▸ **PROBLEM DESCRIPTION**
A single figure is required: the number of lines below in which the word "Metal" occurs.

▸ **Stored entries**
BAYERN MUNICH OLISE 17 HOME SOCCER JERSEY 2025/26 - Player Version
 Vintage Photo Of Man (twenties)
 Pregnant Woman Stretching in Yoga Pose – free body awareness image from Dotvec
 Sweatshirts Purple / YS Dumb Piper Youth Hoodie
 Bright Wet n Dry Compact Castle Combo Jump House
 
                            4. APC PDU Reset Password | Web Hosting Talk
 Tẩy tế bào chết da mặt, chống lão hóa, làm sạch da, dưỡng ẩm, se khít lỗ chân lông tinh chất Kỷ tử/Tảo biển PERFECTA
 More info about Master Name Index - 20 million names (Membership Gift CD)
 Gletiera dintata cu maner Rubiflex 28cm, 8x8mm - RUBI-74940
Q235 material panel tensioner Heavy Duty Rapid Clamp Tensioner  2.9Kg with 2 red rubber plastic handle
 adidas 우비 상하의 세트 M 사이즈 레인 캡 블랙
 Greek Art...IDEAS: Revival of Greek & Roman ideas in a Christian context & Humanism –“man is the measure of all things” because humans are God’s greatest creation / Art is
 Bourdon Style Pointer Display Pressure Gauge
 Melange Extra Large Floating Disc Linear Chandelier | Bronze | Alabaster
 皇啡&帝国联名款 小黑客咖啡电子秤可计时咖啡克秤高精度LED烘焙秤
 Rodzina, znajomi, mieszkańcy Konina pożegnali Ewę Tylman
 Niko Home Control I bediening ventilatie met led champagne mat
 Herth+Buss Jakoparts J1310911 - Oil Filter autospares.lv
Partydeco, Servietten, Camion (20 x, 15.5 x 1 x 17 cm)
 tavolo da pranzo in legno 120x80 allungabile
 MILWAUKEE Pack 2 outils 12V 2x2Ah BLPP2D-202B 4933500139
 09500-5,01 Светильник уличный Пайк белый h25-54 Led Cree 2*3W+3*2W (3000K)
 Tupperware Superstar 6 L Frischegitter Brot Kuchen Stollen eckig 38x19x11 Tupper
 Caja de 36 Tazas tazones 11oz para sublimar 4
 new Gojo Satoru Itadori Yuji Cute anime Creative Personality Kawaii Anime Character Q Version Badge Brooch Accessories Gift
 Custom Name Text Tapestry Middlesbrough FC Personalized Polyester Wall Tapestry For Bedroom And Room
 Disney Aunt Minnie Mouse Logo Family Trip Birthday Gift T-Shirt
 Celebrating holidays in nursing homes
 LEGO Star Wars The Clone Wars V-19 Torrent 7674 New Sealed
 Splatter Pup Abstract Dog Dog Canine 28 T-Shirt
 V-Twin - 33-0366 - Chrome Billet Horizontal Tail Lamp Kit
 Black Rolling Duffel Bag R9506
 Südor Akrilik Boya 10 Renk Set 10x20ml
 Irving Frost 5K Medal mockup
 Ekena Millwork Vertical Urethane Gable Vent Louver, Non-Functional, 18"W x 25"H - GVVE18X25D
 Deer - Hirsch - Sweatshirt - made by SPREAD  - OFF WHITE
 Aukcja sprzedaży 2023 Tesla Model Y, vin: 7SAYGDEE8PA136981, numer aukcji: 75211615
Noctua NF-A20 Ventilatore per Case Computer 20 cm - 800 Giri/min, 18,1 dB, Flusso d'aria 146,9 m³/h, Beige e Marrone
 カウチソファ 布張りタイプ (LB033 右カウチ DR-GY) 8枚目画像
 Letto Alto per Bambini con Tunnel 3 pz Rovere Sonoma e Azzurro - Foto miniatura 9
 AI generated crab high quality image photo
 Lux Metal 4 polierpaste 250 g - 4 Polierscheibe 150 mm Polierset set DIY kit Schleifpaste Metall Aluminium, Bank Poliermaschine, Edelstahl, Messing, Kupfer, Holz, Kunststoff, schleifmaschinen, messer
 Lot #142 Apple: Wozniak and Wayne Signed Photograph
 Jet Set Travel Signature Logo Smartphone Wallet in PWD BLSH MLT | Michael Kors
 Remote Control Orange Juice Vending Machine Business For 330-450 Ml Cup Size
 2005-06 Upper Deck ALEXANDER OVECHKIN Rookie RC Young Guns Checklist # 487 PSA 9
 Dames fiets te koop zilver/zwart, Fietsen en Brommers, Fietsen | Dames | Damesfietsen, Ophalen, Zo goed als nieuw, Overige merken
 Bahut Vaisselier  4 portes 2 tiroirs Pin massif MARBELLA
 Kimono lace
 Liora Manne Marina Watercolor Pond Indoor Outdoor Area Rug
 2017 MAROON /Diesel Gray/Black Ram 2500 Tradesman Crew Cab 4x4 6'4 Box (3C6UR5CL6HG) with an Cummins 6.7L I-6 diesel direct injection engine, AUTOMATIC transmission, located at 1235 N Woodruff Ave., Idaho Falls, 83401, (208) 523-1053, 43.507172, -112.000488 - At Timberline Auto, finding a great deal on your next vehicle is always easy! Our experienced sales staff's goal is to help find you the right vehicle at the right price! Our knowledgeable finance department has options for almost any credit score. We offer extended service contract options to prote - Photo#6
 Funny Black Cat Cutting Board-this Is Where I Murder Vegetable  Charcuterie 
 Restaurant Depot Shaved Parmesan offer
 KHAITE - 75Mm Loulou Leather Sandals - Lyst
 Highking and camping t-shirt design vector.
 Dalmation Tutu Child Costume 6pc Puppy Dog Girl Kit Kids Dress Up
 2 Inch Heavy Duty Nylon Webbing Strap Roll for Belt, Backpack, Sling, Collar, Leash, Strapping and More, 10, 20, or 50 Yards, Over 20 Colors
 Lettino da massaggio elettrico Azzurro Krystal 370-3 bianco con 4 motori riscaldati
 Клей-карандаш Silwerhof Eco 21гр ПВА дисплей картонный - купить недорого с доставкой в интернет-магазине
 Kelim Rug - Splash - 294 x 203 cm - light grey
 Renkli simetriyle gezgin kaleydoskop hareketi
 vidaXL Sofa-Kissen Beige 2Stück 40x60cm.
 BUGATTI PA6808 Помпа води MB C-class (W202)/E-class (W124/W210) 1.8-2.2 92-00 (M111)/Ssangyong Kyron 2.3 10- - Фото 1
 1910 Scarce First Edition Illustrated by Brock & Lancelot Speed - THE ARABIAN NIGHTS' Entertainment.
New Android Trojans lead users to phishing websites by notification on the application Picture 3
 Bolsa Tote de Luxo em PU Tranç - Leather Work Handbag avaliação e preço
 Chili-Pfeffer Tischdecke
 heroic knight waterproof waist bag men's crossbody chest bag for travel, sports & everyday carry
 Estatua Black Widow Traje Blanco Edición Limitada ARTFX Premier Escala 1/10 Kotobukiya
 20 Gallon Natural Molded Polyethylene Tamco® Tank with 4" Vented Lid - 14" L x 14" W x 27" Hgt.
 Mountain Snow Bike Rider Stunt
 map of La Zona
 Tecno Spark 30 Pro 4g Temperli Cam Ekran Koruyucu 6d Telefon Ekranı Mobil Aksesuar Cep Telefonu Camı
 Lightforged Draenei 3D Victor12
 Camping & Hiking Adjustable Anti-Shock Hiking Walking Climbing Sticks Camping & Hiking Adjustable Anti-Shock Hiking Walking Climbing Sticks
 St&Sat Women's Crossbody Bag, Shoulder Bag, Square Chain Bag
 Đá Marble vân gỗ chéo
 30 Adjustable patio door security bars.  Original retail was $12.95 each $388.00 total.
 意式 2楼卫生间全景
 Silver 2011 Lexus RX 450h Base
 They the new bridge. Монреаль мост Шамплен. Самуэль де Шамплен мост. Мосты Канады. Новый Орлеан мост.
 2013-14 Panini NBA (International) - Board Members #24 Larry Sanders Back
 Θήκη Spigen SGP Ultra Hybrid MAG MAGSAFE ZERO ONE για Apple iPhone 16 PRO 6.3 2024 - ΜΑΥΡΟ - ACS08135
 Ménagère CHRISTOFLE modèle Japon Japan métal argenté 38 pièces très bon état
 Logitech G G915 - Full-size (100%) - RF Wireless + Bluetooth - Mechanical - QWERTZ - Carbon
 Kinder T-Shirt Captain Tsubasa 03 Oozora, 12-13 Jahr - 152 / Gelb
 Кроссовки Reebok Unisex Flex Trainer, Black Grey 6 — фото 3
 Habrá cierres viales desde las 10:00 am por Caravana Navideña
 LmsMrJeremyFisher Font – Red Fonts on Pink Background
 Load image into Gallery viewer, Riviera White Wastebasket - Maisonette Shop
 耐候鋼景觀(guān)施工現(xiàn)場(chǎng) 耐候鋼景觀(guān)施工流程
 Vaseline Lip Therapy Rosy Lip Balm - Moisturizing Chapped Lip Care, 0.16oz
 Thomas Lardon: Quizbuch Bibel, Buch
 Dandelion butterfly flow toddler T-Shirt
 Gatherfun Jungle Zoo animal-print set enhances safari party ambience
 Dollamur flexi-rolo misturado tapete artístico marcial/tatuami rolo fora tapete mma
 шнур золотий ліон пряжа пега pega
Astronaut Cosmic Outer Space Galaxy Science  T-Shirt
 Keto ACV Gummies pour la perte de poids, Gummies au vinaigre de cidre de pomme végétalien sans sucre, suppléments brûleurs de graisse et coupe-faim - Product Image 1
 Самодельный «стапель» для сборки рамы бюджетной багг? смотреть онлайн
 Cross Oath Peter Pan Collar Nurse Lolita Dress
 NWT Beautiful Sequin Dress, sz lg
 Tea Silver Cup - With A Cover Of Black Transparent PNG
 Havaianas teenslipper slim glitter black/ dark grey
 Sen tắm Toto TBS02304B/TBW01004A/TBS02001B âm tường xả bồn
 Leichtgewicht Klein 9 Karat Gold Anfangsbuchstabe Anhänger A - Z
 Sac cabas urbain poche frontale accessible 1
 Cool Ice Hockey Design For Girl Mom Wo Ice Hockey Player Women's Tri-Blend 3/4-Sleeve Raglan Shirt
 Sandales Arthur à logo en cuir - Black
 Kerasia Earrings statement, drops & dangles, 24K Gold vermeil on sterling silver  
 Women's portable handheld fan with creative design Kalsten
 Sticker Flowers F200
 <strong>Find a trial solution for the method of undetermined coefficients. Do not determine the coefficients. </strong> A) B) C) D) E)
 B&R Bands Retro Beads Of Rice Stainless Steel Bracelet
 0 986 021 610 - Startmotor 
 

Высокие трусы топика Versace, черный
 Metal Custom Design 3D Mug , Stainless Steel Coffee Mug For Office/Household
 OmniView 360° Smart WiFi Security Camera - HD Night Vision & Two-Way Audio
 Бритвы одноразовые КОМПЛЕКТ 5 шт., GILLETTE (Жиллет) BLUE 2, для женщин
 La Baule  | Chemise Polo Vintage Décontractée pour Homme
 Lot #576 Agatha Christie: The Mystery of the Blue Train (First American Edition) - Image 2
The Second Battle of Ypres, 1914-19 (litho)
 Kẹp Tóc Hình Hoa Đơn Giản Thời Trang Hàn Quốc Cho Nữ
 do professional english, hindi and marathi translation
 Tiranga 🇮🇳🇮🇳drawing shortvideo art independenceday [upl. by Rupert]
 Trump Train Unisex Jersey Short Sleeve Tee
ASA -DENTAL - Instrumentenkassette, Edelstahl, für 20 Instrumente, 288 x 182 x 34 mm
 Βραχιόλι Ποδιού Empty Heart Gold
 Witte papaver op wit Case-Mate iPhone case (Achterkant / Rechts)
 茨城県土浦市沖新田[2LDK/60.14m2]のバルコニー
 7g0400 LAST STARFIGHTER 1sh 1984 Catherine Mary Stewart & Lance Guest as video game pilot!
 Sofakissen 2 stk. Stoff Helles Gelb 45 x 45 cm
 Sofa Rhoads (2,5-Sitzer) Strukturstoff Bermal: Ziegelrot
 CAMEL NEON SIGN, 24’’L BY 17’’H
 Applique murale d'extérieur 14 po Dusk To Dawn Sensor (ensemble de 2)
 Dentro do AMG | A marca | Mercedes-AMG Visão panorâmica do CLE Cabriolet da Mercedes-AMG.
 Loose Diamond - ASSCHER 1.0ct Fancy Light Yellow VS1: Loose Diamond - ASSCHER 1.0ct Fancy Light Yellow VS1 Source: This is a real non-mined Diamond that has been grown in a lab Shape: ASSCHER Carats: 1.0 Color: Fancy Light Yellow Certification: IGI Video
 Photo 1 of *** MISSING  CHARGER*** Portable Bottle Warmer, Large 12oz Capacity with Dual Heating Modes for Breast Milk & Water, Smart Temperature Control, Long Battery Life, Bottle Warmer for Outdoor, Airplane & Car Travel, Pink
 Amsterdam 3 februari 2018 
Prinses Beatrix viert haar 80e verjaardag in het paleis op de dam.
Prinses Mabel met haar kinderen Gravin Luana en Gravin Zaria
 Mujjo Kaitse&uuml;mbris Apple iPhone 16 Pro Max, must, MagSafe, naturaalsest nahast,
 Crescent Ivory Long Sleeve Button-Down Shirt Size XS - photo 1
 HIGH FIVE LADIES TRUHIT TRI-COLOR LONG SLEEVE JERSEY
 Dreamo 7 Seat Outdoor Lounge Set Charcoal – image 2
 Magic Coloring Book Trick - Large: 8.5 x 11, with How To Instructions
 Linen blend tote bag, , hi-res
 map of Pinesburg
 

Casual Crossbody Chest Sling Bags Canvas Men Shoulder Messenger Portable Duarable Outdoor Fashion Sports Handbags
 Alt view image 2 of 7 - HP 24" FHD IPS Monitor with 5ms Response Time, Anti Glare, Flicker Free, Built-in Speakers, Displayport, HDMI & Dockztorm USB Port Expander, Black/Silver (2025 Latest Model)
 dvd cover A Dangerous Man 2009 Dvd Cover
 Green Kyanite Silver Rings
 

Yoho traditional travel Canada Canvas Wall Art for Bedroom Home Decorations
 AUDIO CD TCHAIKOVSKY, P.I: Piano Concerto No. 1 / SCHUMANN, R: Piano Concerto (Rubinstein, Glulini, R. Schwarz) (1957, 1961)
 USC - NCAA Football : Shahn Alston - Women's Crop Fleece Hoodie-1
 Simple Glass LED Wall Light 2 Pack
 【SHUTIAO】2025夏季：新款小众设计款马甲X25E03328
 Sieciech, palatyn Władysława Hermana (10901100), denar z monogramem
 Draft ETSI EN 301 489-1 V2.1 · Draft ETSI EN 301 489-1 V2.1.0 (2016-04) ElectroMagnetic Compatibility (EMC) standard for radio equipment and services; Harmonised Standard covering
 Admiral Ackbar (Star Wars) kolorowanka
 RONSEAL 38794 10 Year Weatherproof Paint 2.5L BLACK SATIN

▸ **WRITTEN SOLUTION**
2